Dir-me-ão que a parte do pagamento que não puder ser deduzida por insuficiência de coleta é reembolsável a pedido da empresa. Acontece que tal só é possível após seis períodos de tributação e depois de ultrapassado um intricado processo burocrático, concebido, senão para impedir, pelo menos para dissuadir as empresas de solicitarem o reembolso. Neste sentido, o PEC ilustra em certa medida a relação do fisco com as empresas. Uma relação muitas vezes difícil, injusta e complexa.

O fim do PEC foi prometido por vários governos, mas o pagamento persiste para desespero de muitas micro e pequenas empresas que se debatem com problemas de tesouraria. As associações empresariais, nomeadamente a ANJE, têm lutado para que a extinção do PEC se concretize finalmente e o Executivo de António Costa prometeu fazê-lo, havendo pressões neste sentido dentro da própria “geringonça”. Não deixa, aliás, de ser irónico que o PCP e as associações empresariais estejam juntos pelo fim do PEC…

Se o PEC parece caminhar para o seu estertor, já o mesmo não se pode dizer da excessiva carga fiscal sobre as empresas. O atual Governo, em boa medida pela necessidade de gerir os equilíbrios internos da “geringonça”, continua relutante em baixar o IRC. Isto apesar de, na anterior legislatura, o PS ter acordado com os então partidos do governo, PSD e CDS/PP, uma descida gradual do IRC, entretanto suspensa.

O esforço financeiro que é pedido a muitas empresas com o aumento do salário mínimo merecia, a meu ver, medidas de compensação mais amplas em sede fiscal. Não está em causa a subida do salário mínimo, que considero socialmente justa. Mas sendo o valor do aumento salarial desfasado da evolução da inflação e da produtividade, a competitividade das empresas deveria ser salvaguardada com uma descida do IRC. Tanto mais que, como já percebemos, a redução dos custos do trabalho por via da TSU parece ser uma questão tabu na política portuguesa.

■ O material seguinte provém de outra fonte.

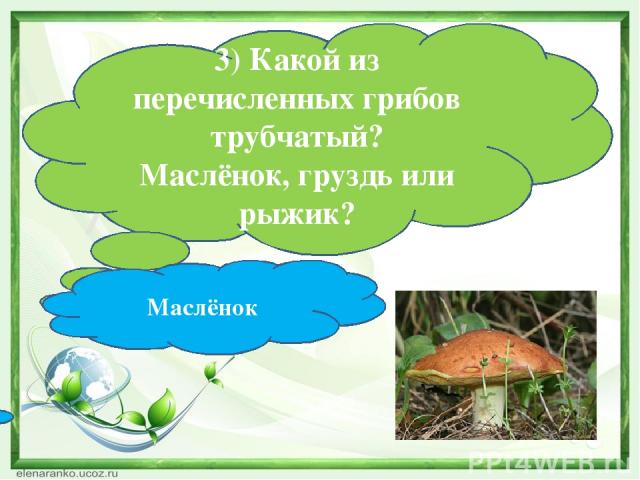 3) Какой из перечисленных грибов трубчатый? Маслёнок, груздь или рыжик? Маслёнок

A redução do PEC em 100 euros acordada na Concertação Social é positiva, mas tem um efeito limitado no conjunto das empresas. Desde logo porque o impacto da subida do salário mínimo será sentido sobretudo nas empresas de mão de obra intensiva, em muitos casos dos setores exportadores, para as quais uma descida de 100 euros não tem expressão na tesouraria. Por outro lado, era importante que, neste processo de reposição de rendimentos, fossem premiadas as empresas que são de facto competitivas, dão lucros e criam emprego. Ora isto faz-se, precisamente, desagravando a carga fiscal em sede de IRC.

De resto, uma política de desagravamento fiscal tenderia a promover o investimento privado e a atrair investimento direto estrangeiro. Numa economia com graves problemas de financiamento, os estímulos fiscais são fundamentais para inverter uma conjuntura de baixo investimento, como é a atual. Segundo a OCDE, o investimento em Portugal está mais de 30% abaixo do nível de 2005, pelo que o país deve concentrar muitos dos seus esforços na resolução deste problema. Algo que é incompatível com a persistência de um quadro fiscal altamente penalizador para as empresas.